Michael does not like talking about his brother and, when asked about him, grows visibly upset. His responses to questions, while still polite, become more curt. 

“He got shot one time and that was it. I’ve seen people get shot nine times or five times and they still survive. He got shot one time,” Michael said. 

In December 2012, 35-year-old Leon Owens was arrested in connection with Markel’s slaying. His trial is scheduled to start June 2. Michael brushes off questions about his feelings toward Owens and anyone else who might be implicated in the case. Kevin, he said, was strong and was able to forgive. Michael doesn’t know if he can do the same.

“I stay away from it,” he said. “I don’t let myself get into situations. I stay away, be with my kids all the time.”

Michael told Janice about his brother’s murder during an earlier phone conversation. That day on the porch, after both had suffered through a retelling of the night of Kevin’s shooting, Janice brought up Markel’s death. She asked Michael if he could forgive the person who had killed his brother.

Michael seemed unable to speak for a moment. “The thing is, I never understood how (Kevin) did it. It takes a strong. … I don’t know. I don’t know.”

He paused, then finished: “I can. I can. If Kevin forgave me and you forgave me, come on …”

“That’s what I wanted to hear,” Janice said. “That’s good. That’s good.”

After a few hours, Michael said he had to go. Work, he said. Kids to pick up. He was smiling when he opened his arms to her. She came in for an embrace. Again, the hug lasted a beat longer than expected. 

As Michael drove away, Dana told his wife that she was beautiful. Simply amazing. 

After leaving Janice, Michael said he was “probably glowing that whole day. Just hearing it from her mouth that it was OK now, and then she sent me a real nice text.”

But some pain and guilt lingered. “ I still feel kinda messed up,” he said. He reflected on looking at the memorial to Kevin in Janice’s living room, “I didn’t know to be happy or sad. It looked good and it was good to see him. But he wasn’t there.”

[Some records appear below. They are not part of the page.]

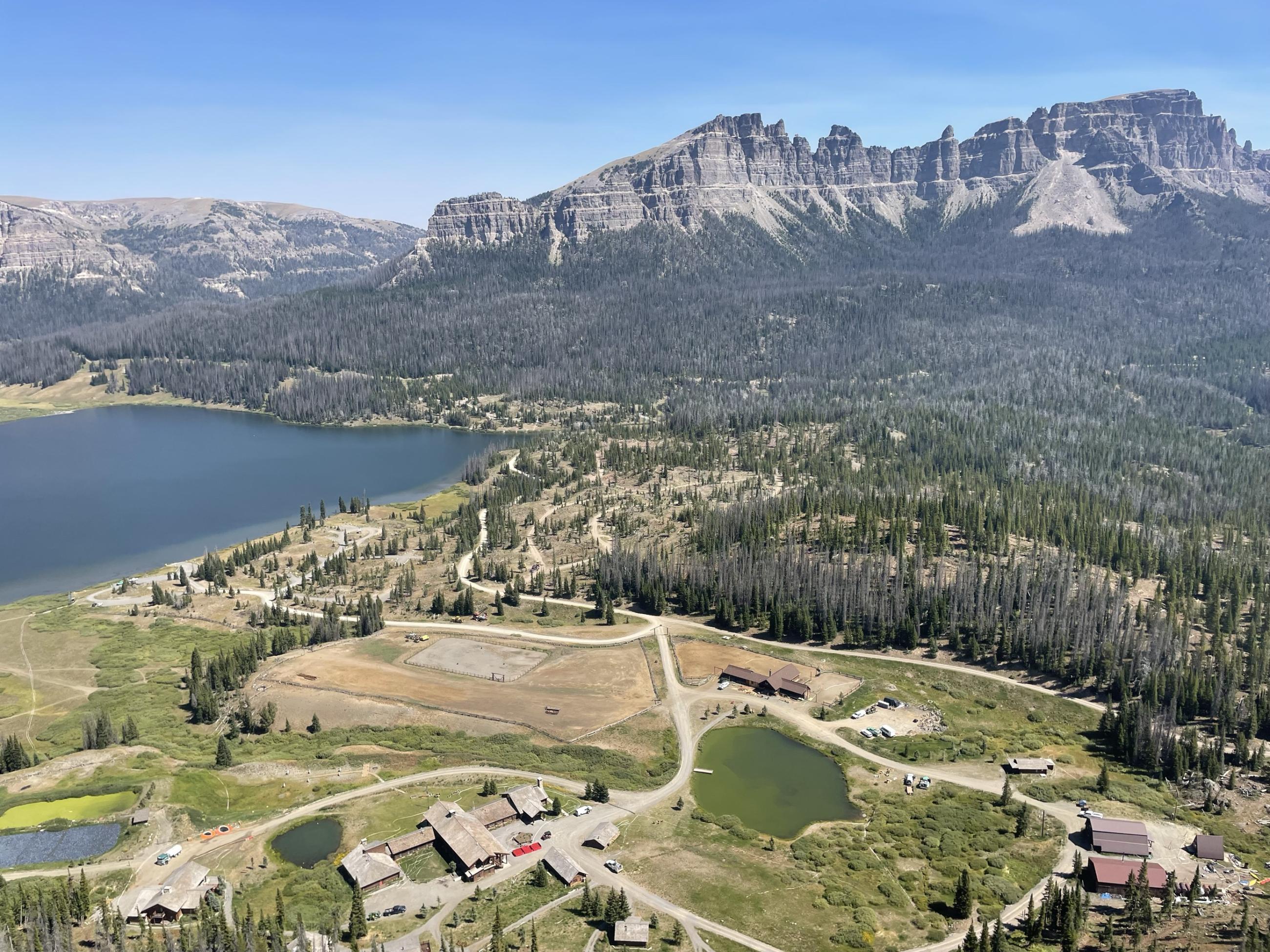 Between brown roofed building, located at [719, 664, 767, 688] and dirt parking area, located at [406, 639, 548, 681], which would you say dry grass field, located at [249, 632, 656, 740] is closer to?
dirt parking area, located at [406, 639, 548, 681]

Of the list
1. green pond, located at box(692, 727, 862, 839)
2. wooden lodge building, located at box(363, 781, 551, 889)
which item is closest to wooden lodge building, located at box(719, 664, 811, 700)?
green pond, located at box(692, 727, 862, 839)

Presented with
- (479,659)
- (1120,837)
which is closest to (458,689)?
(479,659)

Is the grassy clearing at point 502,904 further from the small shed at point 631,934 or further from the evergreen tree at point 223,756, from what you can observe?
the evergreen tree at point 223,756

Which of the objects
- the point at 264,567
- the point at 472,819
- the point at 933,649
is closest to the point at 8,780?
the point at 472,819

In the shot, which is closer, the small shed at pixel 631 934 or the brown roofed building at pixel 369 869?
the small shed at pixel 631 934

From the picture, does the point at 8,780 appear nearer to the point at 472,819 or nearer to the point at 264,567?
the point at 472,819

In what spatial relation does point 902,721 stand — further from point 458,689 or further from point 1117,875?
point 458,689

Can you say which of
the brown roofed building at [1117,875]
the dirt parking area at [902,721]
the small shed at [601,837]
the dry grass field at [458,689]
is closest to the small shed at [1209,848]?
the brown roofed building at [1117,875] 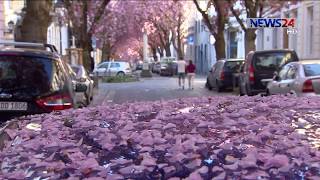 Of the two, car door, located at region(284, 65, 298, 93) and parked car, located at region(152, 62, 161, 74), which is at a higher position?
car door, located at region(284, 65, 298, 93)

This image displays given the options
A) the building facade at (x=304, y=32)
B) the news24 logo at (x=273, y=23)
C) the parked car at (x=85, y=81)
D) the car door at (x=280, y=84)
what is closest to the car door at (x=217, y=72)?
the building facade at (x=304, y=32)

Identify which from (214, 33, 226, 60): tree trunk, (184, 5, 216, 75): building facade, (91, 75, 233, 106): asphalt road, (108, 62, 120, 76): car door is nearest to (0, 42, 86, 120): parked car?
(91, 75, 233, 106): asphalt road

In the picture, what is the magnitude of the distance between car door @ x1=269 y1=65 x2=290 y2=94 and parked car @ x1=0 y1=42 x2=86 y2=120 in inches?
302

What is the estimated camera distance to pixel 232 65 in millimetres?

Michael and Janice have kept in touch since that face-to-face meeting earlier this month via texts and emails. Janice said Michael is always welcome at her home. He mentioned not having a computer at his apartment. She has two, she said, and he could come over and use one whenever he wanted. 

She’d also like to bring Michael closer, into her family, but she knows that could pose some challenges.

“I would love to have Michael come to a cookout and bring his kids and bring his girl. I would love that,” she said. “But some people don’t understand and we’d have to make sure the people we know and love — like my other son — are OK with it.”

Forgiveness is hard, she said. She isn’t sure Michael was truthful when he said he could absolve his brother’s killer. But she hopes he does, since she knows it helps with the healing.

“I didn’t see it in his face,” she said. “But it’s OK. Make sure you say that it’s OK. Not everybody can do what I did, not everyone can have the heart to forgive.